Bien sûr, un arrêt a un effet sur la vitesse commerciale, c'est évident ! Je ne vais pas essayer de vous démontrer une évidence: quand on s'arrête, évidemment, on va moins vite ! Ça, c'est une certitude. Le confort et l'accessibilité sont utiles voire indispensables pour l'attrait d'un réseau de transports publics, mais la vitesse et la tenue d'un horaire le sont tout autant, si ce n'est davantage encore. Si, en plus, on atteint un autre objectif avec le cas qui nous intéresse, la création d'une piste cyclable, allons dans le sens par ailleurs voulu par certains qui soutiennent cette pétition ! J'ai de la peine à comprendre cette démarche, dans le fond. Il s'agit à juste titre de créer ou de recréer des parcours cyclables continus et, dans le cas d'espèce, c'est véritablement la suppression de cet arrêt qui permet de le faire. Mesurez donc la contradiction de certaines et certains que j'ai entendus ou la somme de contradictions qui peuvent être exprimées dans le cadre de cette affaire ! Ça ne va pas changer ma détermination à améliorer la vitesse commerciale des TPG avec des mesures comme celle-ci, qui n'entrave en rien le service et ne diminue en rien sa qualité. On l'a largement rappelé, les arrêts sont extrêmement rapprochés: 150 mètres entre celui que l'on propose de supprimer et celui qui se trouve à proximité.
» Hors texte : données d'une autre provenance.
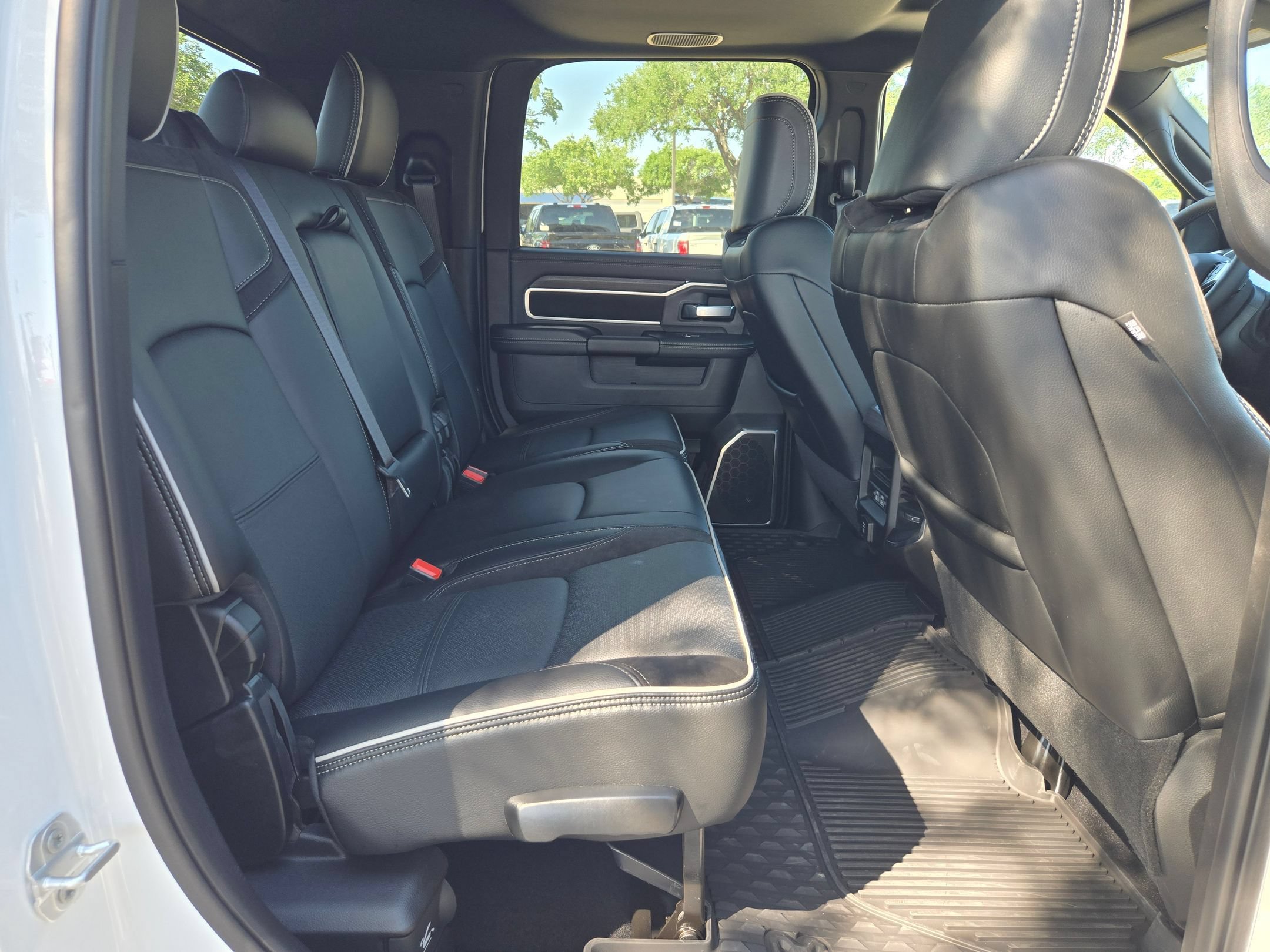 Used 2025 RAM 2500 Laramie AWD/4WD image 23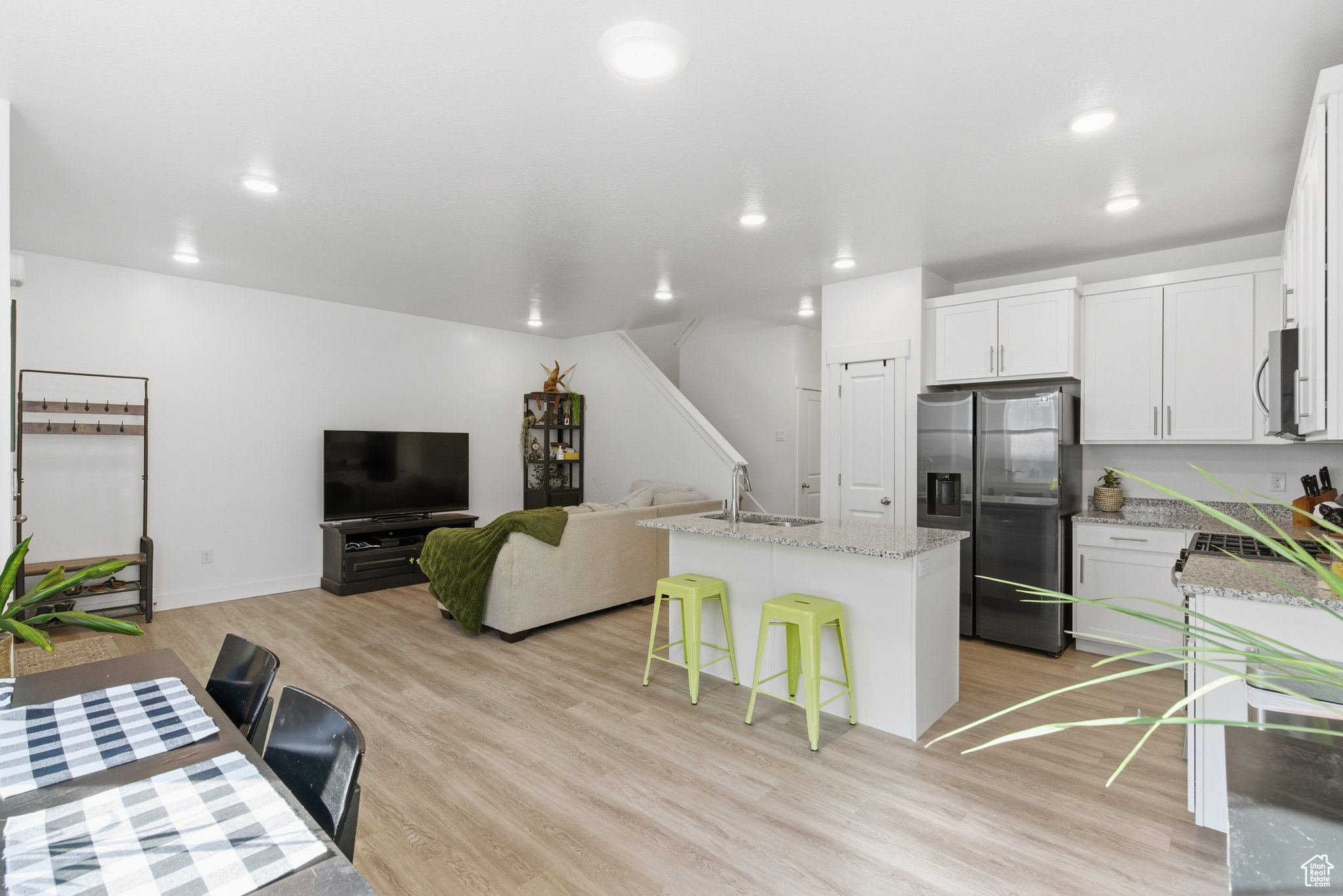 ANELA TOWNHOMES - Residential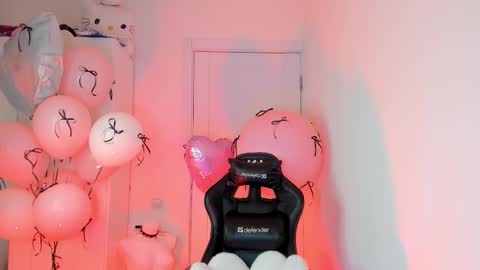 Snapshot of white_do11 chatting on 02/22/26, 11:36 Bella online show from 02/22/26, 11:36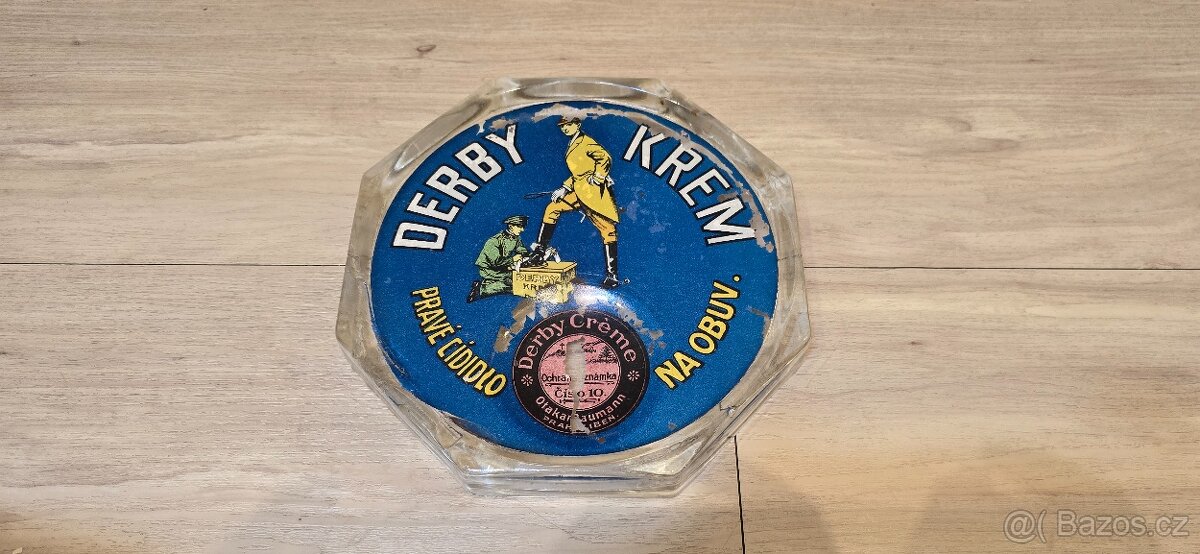 Reklamní skleněný mincovník Derby krém - 1.republika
C'est parfaitement supportable et ça n'entrave en rien, à notre sens, l'accessibilité pour les clients ! Par contre, le maintien de l'arrêt est susceptible de réduire la vitesse commerciale, l'un des paramètres principaux de notre réseau que mes services et moi-même allons travailler à améliorer.

Le président. Je vous remercie, Monsieur le conseiller d'Etat. Je lance le vote sur la conclusion soutenue par Mme Adrienne Sordet, à savoir le renvoi de cette pétition au Conseil d'Etat.

Mises aux voix, les conclusions de la commission des pétitions (renvoi de la pétition 2034 au Conseil d'Etat) sont adoptées par 45 oui contre 31 non.